Psychologists On Being Emphathetic towards Ourselves to Deal with GUILT

Psychologists On Being Emphathetic towards Ourselves to Deal with GUILT

Fragmented emotions bound together form the human psyche. These emotions, usually generated from the belief system, develop in the formative years of a person’s existence. The belief system consists of parents’ beliefs, followed by the child’s own observation, education, and experience. Every emotion is generated as a response to a situation’s impact on our belief system.

Guilt, as a feeling, originates when a person does something, consciously or unconsciously, against one’s belief system. While some of these actions might not necessarily be ‘wrong’ as per others, they impact a person’s psyche in equal measures as a universal wrong would do. And that’s why sometimes it becomes really difficult for a person to get out of this feeling of guilt because one can’t find ways to cope with it.

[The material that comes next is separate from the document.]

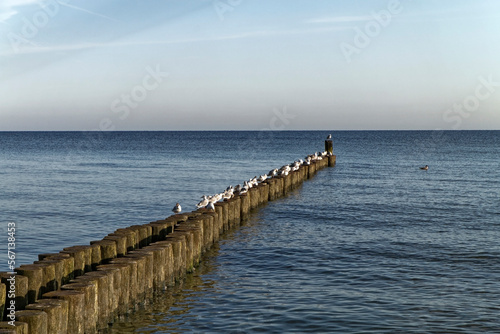 The Baltic Sea seen through the eyes of a sunbather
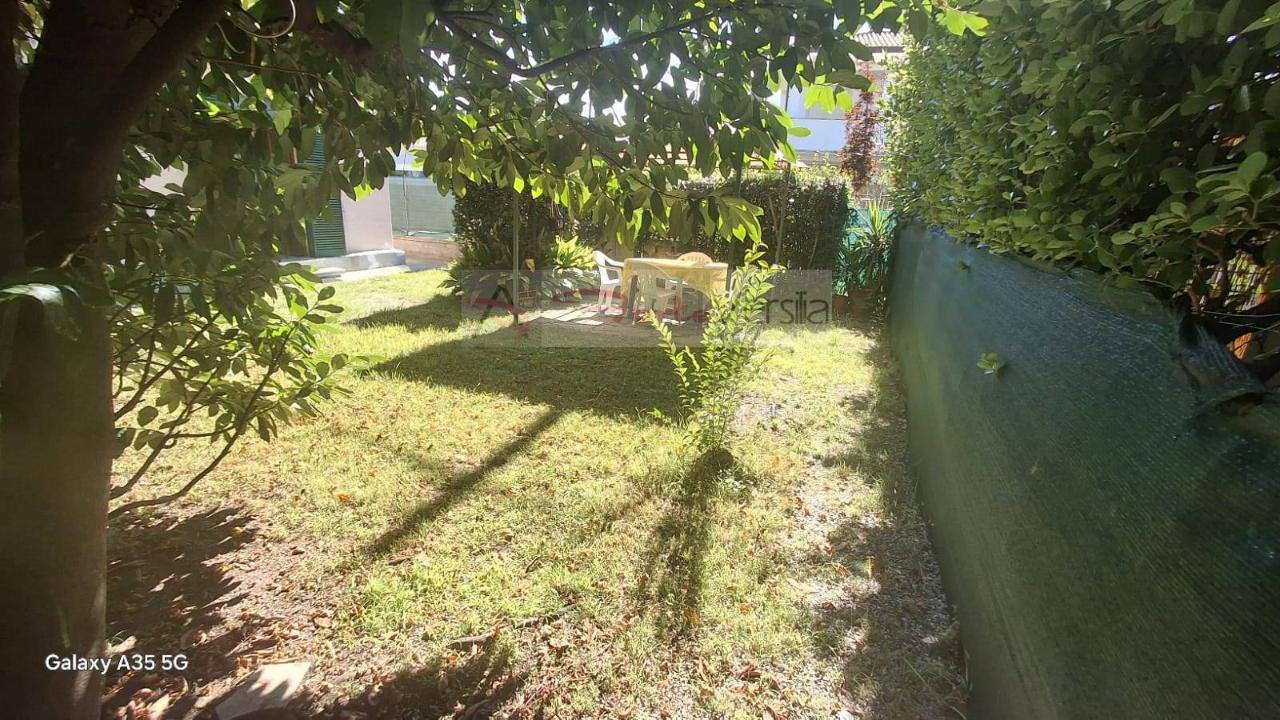 immagine annuncio 11 di 14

Dr. Nisha Khanna, a counselling psychologist and certified EQ coach, elaborates, “Guilt is something that comes to you when you go against your belief system. Take the example of the movie “The Dirty Picture”; the main character (based on the life of Silk Smitha) belonged to very basic family background. Being an ambitious woman, when she entered the entertainment industry, she did not care about the means that she was using to get success. But after a certain point in time, her conscience did not let her see her reflection in the mirror. That came from the guilt she was feeling within.”

Dr. Neelam Mishra, a clinical psychologist at Sir Gangaram Hospital in Delhi, adds that people with low EQ (emotional quotient) and self-confidence go through frequent episodes of the feeling of guilt.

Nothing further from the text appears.